▸ **Task brief**:
Please retype, unchanged, each line from the top of the material below through the line where "men solid long" appears.

****************

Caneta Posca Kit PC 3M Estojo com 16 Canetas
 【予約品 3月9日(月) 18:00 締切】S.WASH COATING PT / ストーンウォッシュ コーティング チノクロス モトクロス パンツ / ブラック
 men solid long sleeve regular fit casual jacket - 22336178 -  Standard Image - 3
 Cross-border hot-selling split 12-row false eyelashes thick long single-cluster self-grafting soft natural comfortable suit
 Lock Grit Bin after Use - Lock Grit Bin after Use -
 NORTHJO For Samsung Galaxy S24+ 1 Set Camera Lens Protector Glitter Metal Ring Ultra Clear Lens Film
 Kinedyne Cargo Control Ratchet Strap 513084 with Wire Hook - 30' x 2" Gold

****************

▸ **Exercise answer**:
Caneta Posca Kit PC 3M Estojo com 16 Canetas
 【予約品 3月9日(月) 18:00 締切】S.WASH COATING PT / ストーンウォッシュ コーティング チノクロス モトクロス パンツ / ブラック
 men solid long sleeve regular fit casual jacket - 22336178 -  Standard Image - 3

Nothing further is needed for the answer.